My camera, however, didn't fare so well. Attempts at photographing Wilson's Storm-petrels (Oceanites oceanicus) left it thoroughly soaked and, as I discovered later, out of commission. In fact most of today morning was mostly spent in a haze of panic, trying to hastily google “Wet Canon Rebel XS” and procure dry rice from the kitchen without giving off the impression of being more insane than the impression of loopiness that my helmet-wearing gull-poop-covered self has already produced.

The best photograph I could get of a Wilson's Storm-petrel, the fidgety little swallows of the sea

My camera, in rice

Well, at least we saw about eight (according to Michelle) Minke and Fin whales. And got all of our nest-checks done before the rain set in. And my camera should work – I turned it on after it had lain in the rice for a while and the LCD flashed on. However, I don't know if anything else is damaged and can't test it till I can get hold of some lens-cleaning fluid to get rid of all the rice grain powder. Thus the rest of the photographs for this post are, unfortunately, mobile phone photographs, most of them taken with my crappy Nokia 6350.

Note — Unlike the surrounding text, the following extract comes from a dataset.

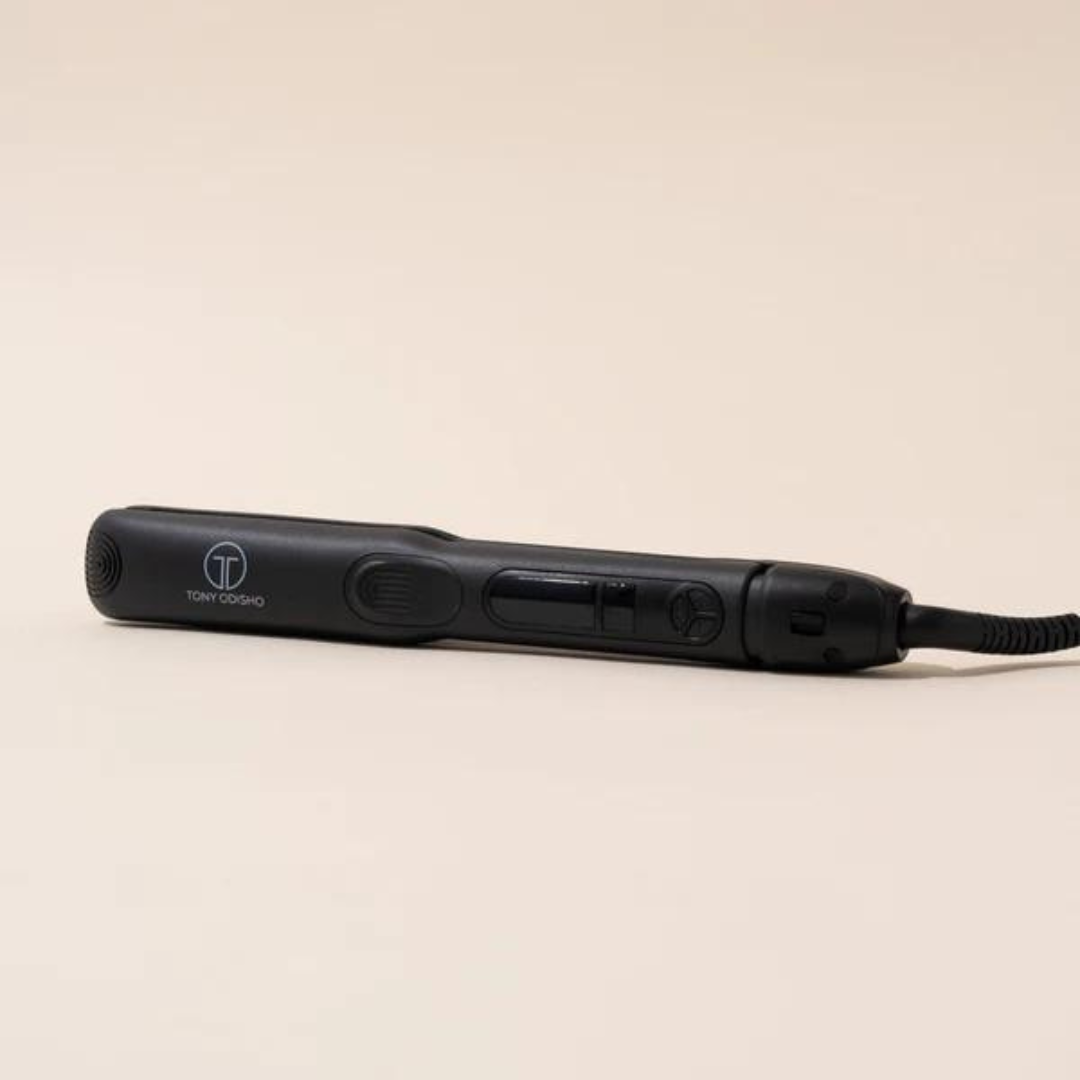 Black Germanium Flat Iron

Today was final exam day for the Evolution class and presentation day for Animal Behavior. Thus we, the interns, thought it would be nice to host a Hawiian-themed dinner and decorate the Commons, just to cheer everyone up a bit after a rigorous three-hour final. Well, it was mostly the seal interns' brainchild, but Michelle and I pitched in, making Hawaiian-shirt wearing gulls, picking flowers and arranging them and sneakily taking photographs of Hal Weeks, the Assistant Director of SML, in a purple squid hat.
My festive gull
A flowery snail, photo and snail courtesy of Michelle Moglia
And a festive seal
Picking flowers with gull-stick, only on Appledore

Wildflowers
Hal Weeks, in his squid hat
There was quite a bit of excitement as we were making the decorations in Laighton last night when two work interns walked in with the news that there was a dead Harbor Seal pup off of Larus Ledge. The Seal Interns popped into action, asking for specifics, hurrying out to grab flashlights and inform people and getting hold of gators to bring the seal back, while Michelle and I could only manage to stare at each other in distress – for it was a baby seal that we'd seen, alive and happy, while conducting nest-checks a day ago! It cast something of a damper on the decoration-preparation festivities and, tired after having woken up at sunrise, we went to bed early.

However, the grand Hawaiian banquet went off well today, and the nice sunny day, quirky accents at data-entry and ice-cream sandwiches for dessert lifted my spirits considerably. Working in the field, especially with gull chicks who are liable to death by starvation, cold and predation, exposes one quite starkly to the fact of death and also helps one come to terms with it. Life ends, it happens, and since it can't be prevented, there is no use crying over a once alive and fluffy chick – one can only hope to learn from it; learn how the population works, what kills the chicks, whether hatch order determines survival, whether the chicks of sub-adult gulls die more than those of adult gulls and other such cool questions that we are only just beginning to glean the answers to!